Thursday, August 16, 2012

Reading Douglas Kennedy's "The Moment" and "The Woman in the Fifth"

Douglas Kennedy in The Woman in the Fifth (Atria Paperback 2007) and The Moment (Atria Paperback 2011) demonstrates some of his strongest themes, tropes, and peculiarities in two books that are seemingly very different and yet, at the same time, strangely similar. Both stories are told in the first person; both books concern men experiencing failed relationships with cold, decisive women; both men flee to Europe to hide from their problems and re-invent themselves through writing; both texts are ultimately perceived by the reader as the very text that the novelist/protagonist is writing, resulting in a self-reflexive modernist experiment; both novels are melodramatic in the same way that a Douglas Sirk film is melodramatic; both novels contain exuberant, somewhat Technicolor-like descriptions; both novels are explicitly sexual to the point of almost being  embarrassing; both novels rely of the quotidian to form the foundation of the tawdry events that follow; both novels possess unlikeable and weak-willed male protagonists; and, as a result, both novels seem like cleverly concealed roman à clefs, but are probably not; and, ultimately, both novels are very readable, full of suspense, narrative-driven, although the characters are well-defined and believable, and emotionally manipulative.

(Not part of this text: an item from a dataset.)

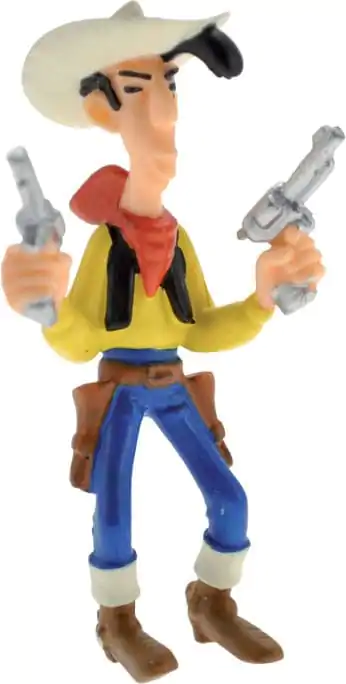 Lucky Luke: Miniatura Lucky Luke 2 Guns figurka fotografii produktu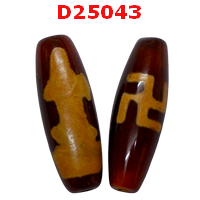 D25043 : หินดีซีไอ ลายกวนอิม สวัสดิกะ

The protagonist of The Woman in the Fifth is Harry Ricks, a professor of film at an Ohio university, who flees a domestic disaster to Paris, where he intends to write a novel and look for work. He escapes with all his worldly goods, which amount to a few thousand dollars, and lands in a Paris hotel, sick with the flu. One employee of the hotel takes advantage of him and slowly siphons off most of his money, while another helps him to find a cheap chambre de bonne in a sleazy quartier inhabited by immigrants. Rick's plight worsens with every step he takes until he descends into a dangerous underworld of Turkish mobsters. However, his luck (or destiny) changes when he meets a strange woman at a weekly salon held by an American expatriate. Suddenly, he experiences a coup de foudre, a thunderbolt of attraction. This thunderbolt is a common experience in  the novels of Douglas Kennedy. It usually signals a passionate relationship destined to lead to tragedy and heartbreak. Kennedy is too much of a pro to say it but I suspect he is suspicious of what Goethe called the "elective affinity," "an indescribable, almost magical force of attraction." Johann Wolfgang von Goethe, Elective Affinities, trans. R. J. Hollingdale (London: Penguin, 1971), 286. The turn of the screw in The Woman in the Fifth is that Harry Ricks is haunted, both literally and figuratively, and his coup de foudre with its attendant madness leads to an existential trap. No one in the love affairs of Douglas Kennedy escape unscathed.

In The Moment, Thomas Nesbitt, a travel writer in Maine is going through a nasty divorce from a successful woman, who he never really loved. After a half-hearted suicide attempt on a cross-country ski trail in Quebec, he reflects on the past, when he receives a package from Berlin. The novel then consists of one story told through two first-person narratives: one narrated by Nesbitt ( the novel we are reading) and the other by Petra in epistolary form. Once again, we have the coup de foudre. Nesbitt meets Petra, a political pawn expelled from East Germany by the Stasi, in Berlin several years before the fall of the wall. They fall madly in love, while working for a CIA-funded radio station, but it is Berlin, during the cold war, and Petra has too many secrets for this story to end well.

Both novels are well written, replete with full-bodied characters, and a rich array of local color. Kennedy started out as a travel writer and his attention to the detail of place is precise and complete. As he said in an interview on French TV, my locations are also characters.

Kennedy is a throwback to an earlier time: his books are page-turners. And, although both novels could be classified as genre: The Moment, as thriller or spy novel; The Woman in the Fifth, as horror or urban fantasy. They ultimately are melodramas in the sense of a film by Douglas Sirk or Rainer Werner Fassbender. And it is their emotional wallop that causes you to stay up past midnight to finish them.